- [ABOUT THIS TASK] Skip the images and restate every line of the records exactly.

- [DATA LISTING]
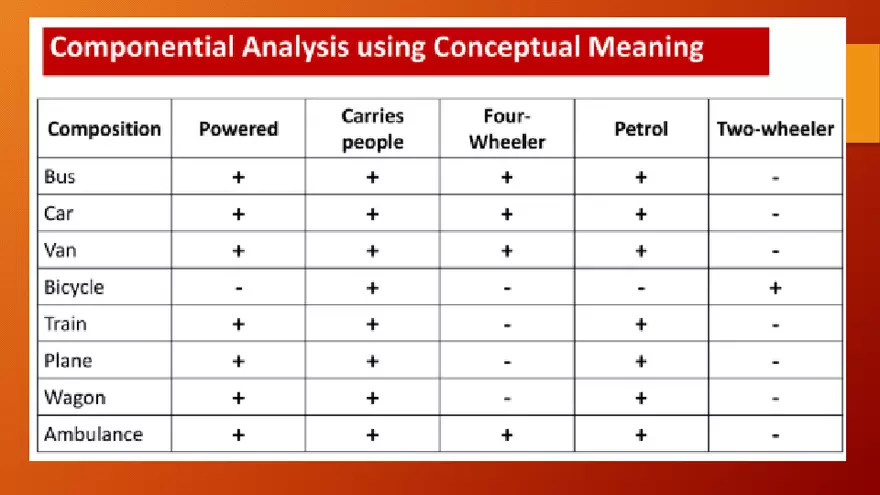 Theories of Semantics - Page 11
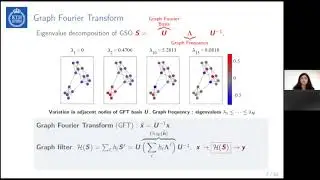 Raksha Ramakrishna - The ‘Power’ of Graph Signal Processing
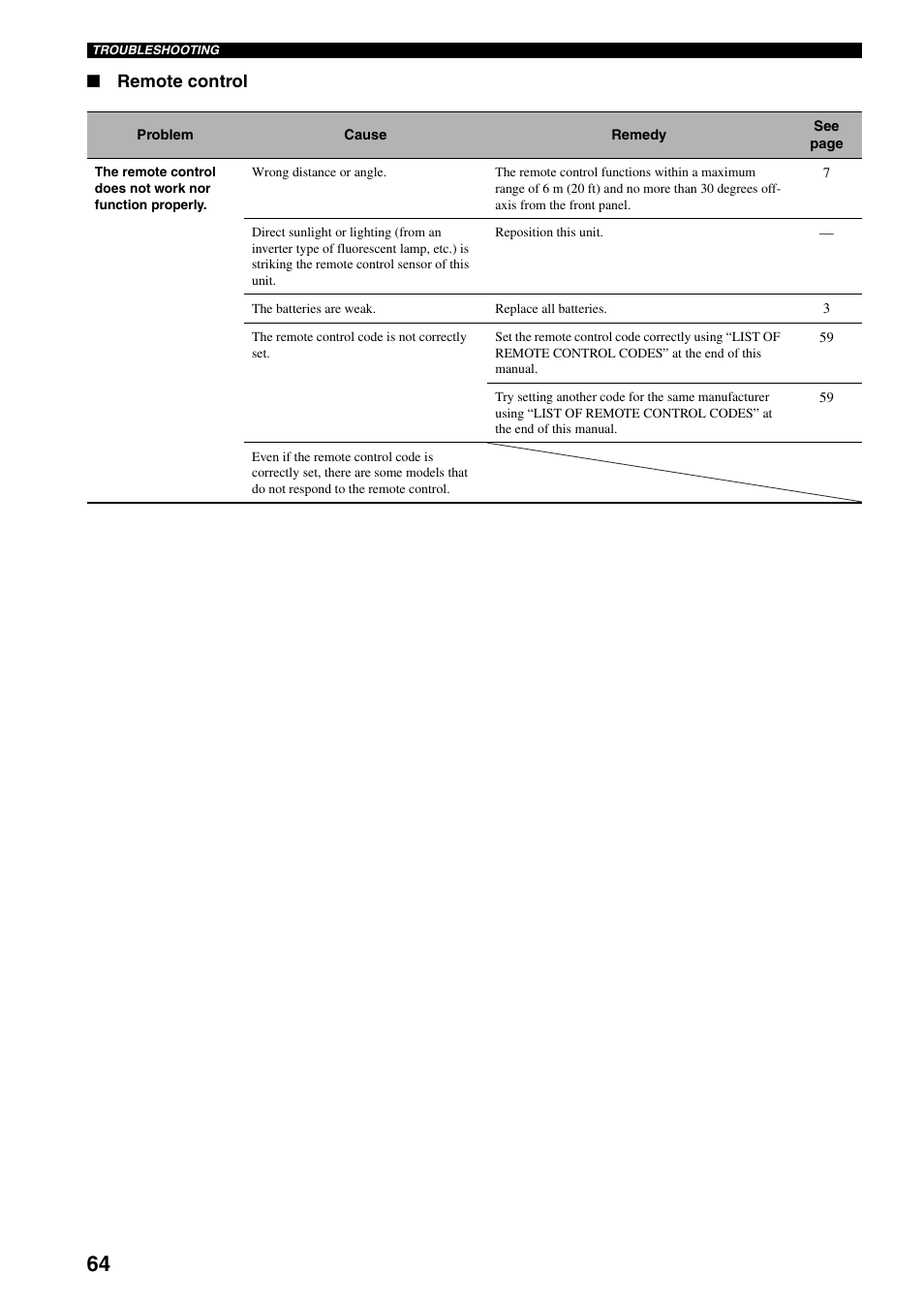 Remote control | Yamaha RX-V359 User Manual | Page 68 / 74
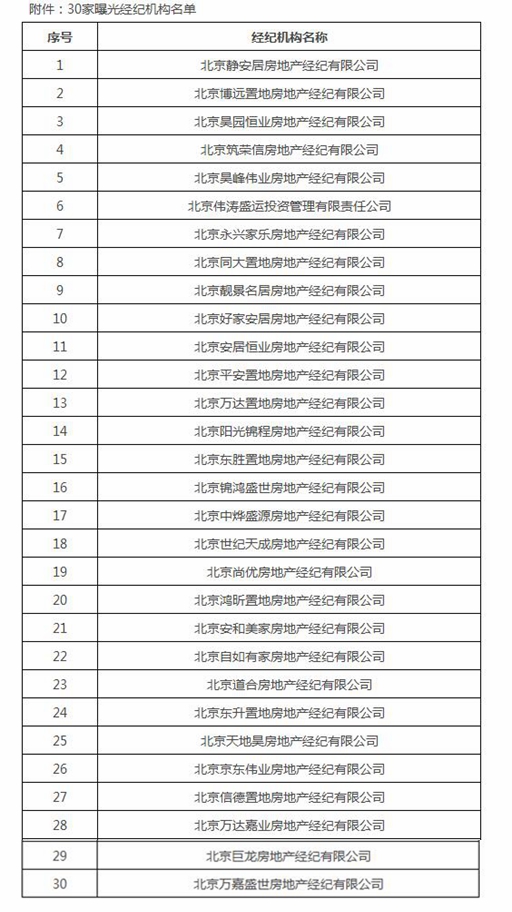 北京中介公司建委备案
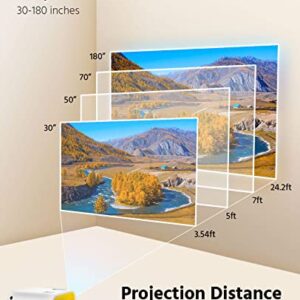 Mini Projector, ARTSEA Full HD 1080P 7000L Portable Projector for Outdoor Movie, LED Pico Video Projector for Home Theater, Phone Projector Compatible with HDMI, USB, TV Stick, Laptop, iOS and Android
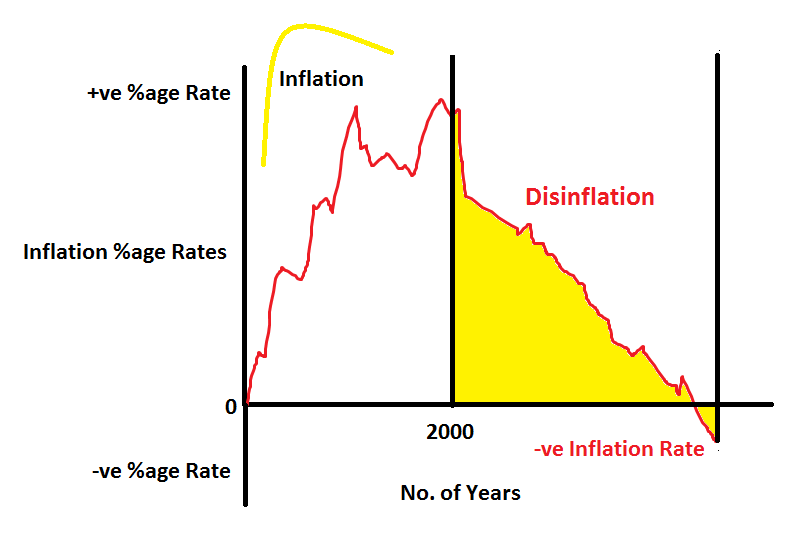 inflation and disinflation diagram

- [EXERCISE RESULT]
 Theories of Semantics - Page 11
 Raksha Ramakrishna - The ‘Power’ of Graph Signal Processing
 Remote control | Yamaha RX-V359 User Manual | Page 68 / 74
 北京中介公司建委备案
 Mini Projector, ARTSEA Full HD 1080P 7000L Portable Projector for Outdoor Movie, LED Pico Video Projector for Home Theater, Phone Projector Compatible with HDMI, USB, TV Stick, Laptop, iOS and Android
 inflation and disinflation diagram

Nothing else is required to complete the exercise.